La invención de Hugo

Hugo López, ayer, en el Jardín Botánico de la Concepción, que suele protagonizar sus obras de carácter vegetal.
Hugo López, ayer, en el Jardín Botánico de la Concepción, que suele protagonizar sus obras de carácter vegetal. / Fernando González
  • Una muestra descubre la precoz obra de un joven autista que reinventa en poesía visual su enciclopédico conocimiento botánico

  • La sala Moreno Villa exhibe a partir del 6 de julio los dibujos de Hugo López, que también llegarán a La Concepción

En la película ‘La invención de Hugo’, un niño roba piezas mecánicas para construir un autómata por el que se siente seducido. Como aquel ladrón de la cinta de Martin Scorsese, el adolescente malagueño Hugo López Catalán también se queda con lo que no es suyo por pura fascinación. Aunque en su caso, no son hurtos, sino préstamos artísticos. Se ha apoderado de los nombres de todas las plantas –sí, todas– para reinventarlas y devolverlas al mundo en sus particulares dibujos que destilan una poesía gráfica de estilo único. Unas obras que parecen partir del naif pero que se pierden hacia el infinito de la abstracción. Una sensibilidad que no ha pasado desapercibida y que revelan a un joven que ha sabido convertir su diagnóstico de Trastorno del Espectro Autista en un aliado. Tanto que en un par de semanas inaugura su primera exposición en la Sala Moreno Villa del Ayuntamiento de Málaga.

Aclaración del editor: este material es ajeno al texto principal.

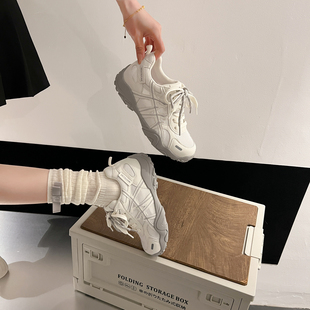 真皮透气网面内增高德训鞋女2026春夏款巨好看厚底休闲运动阿甘鞋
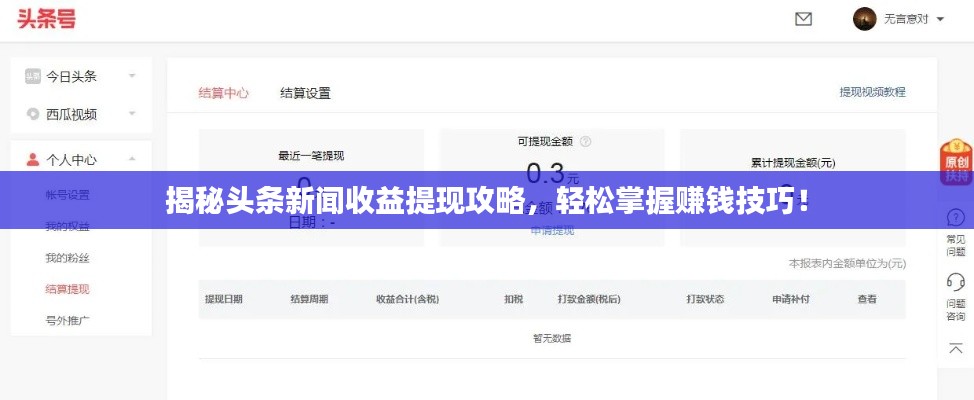 揭秘头条新闻收益提现攻略，轻松掌握赚钱技巧！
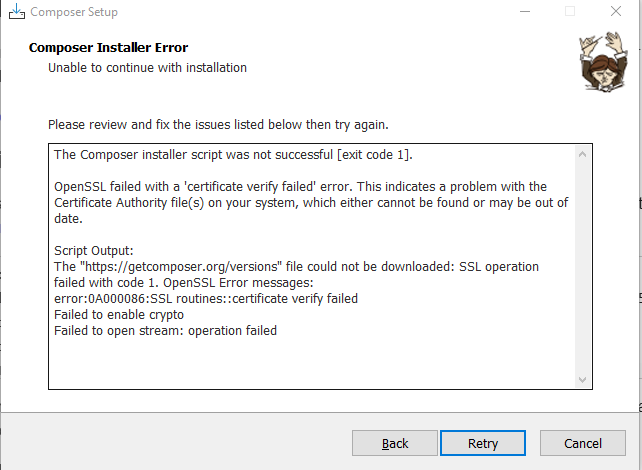 Erro instalador composer no windows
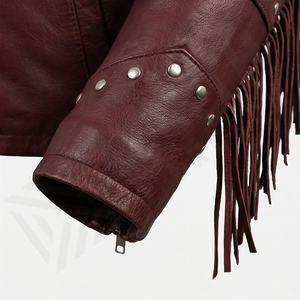 Veste de moto en cuir pour homme NAI-0511A, coupe classique, tendance été, avec fermeture éclair et rembourrage en polyester, couleur personnalisable. - Product Image 6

Quedamos con el propio Hugo en La Concepción, una de sus «musas» –tiene otra más carnal, aunque por el momento le guardaremos el secreto–. Como avisa el título de la exposición ‘Dibujos taxonomía poética’, el mundo vegetal es el gran protagonista de los piezas a vista de pájaro de este joven de 14 años, cuyos bodegones paisajísticos ya llamaron la atención cuando el pasado año ganó el Concurso Nacional de Pintura para Niños y Niñas con Autismo de la fundación madrileña Atiende. «Esta es una costilla de Adán o monstera deliciosa, que es una de las que más me gusta dibujar», explica Hugo López, mientras pasea por el jardín botánico, donde también expondrá sus piezas tras la primera exhibición. «Estoy muy emocionado por la exposición, pero sobre todo por exhibirla aquí, junto a las plantas», reconoce el joven, que es toda una autoridad en botánica. Imposible dar un paso sin que cuente la historia del árbol que se alza delante o la especie que nos flanquea.

Paleta portátil

Ese saber enciclopédico convertido en arte tuvo su origen hace dos años. Durante una visita al Parque de Málaga. «La guía decía el nombre de las plantas, pero después yo leía los carteles de las especies y se equivocaba mucho», explica Hugo, que descubrió allí su pasión botánica que no tardó en tomar color a través de sus rotuladores. Tiene cientos de la marca Stabilo en su ‘paleta’ portátil para poder pintar en cualquier sitio. «Son los mejores pero muy caros, así que siempre pido ese regalo por mi cumpleaños», reconoce, mientras su madre, Ana Catalán, asiente con cara de saber lo que vale un peine y un rotulador.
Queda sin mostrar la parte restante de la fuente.